18 KiB

Raw Blame History

Phase 3: YouTube Live Stream Proxy → ASR → RAG — Implementation Plan

Created: 2026-05-09 Updated: 2026-05-09 (user decisions incorporated) Status: Planning Depends on: Phase 1 (Complete), Phase 2 (Complete)

1. Overview

Phase 3 adds YouTube live stream (and VOD) playback as an alternative to file upload. User pastes a YouTube URL → backend extracts separate video-only and audio-only HLS streams via yt-dlp → backend proxies HLS manifests and .ts segments (zero re-encoding) → frontend plays video in <video> via hls.js, routes audio through hidden <audio> element → AudioContext.createMediaElementSource(audioElement) → existing ASR pipeline (WebSocket → DashScope) → transcript flows into QueryInput → Phase 1 RAG pipeline.

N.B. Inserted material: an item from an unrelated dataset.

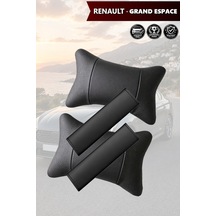 Renault Grand Espace Uyumlu Siyah Lüks Deri Yastık Set Deri Kemer Koruyucu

Same code works identically for live streams and VODs.

Why Full Proxy (Not iframe)

YouTube's official iframe player does not expose the audio track to Web Audio API due to cross-origin restrictions. We proxy HLS segments through our backend so the browser treats them as same-origin.

Audio Routing

YouTube HLS audio-only stream
  → hls.js loads into hidden <audio> element
  → AudioContext.createMediaElementSource(audioElement)
  → ScriptProcessorNode (Float32 PCM)
  → WebSocket → FastAPI → DashScope realtime ASR
  → transcript → QueryInput

Integration With Existing Pipeline

This phase reuses the existing ASR infrastructure entirely:

useVideoASR.ts AudioContext graph pattern → adapted for YouTube audio element
ws_asr.py WebSocket → DashScope proxy → unchanged
QueryInput.tsx transcript display → unchanged
LTTPage.tsx layout → minor addition (source toggle)
RAG pipeline → unchanged

2. User Flow

User selects "YouTube" source (instead of "Upload")
User pastes YouTube URL → clicks "Load Stream"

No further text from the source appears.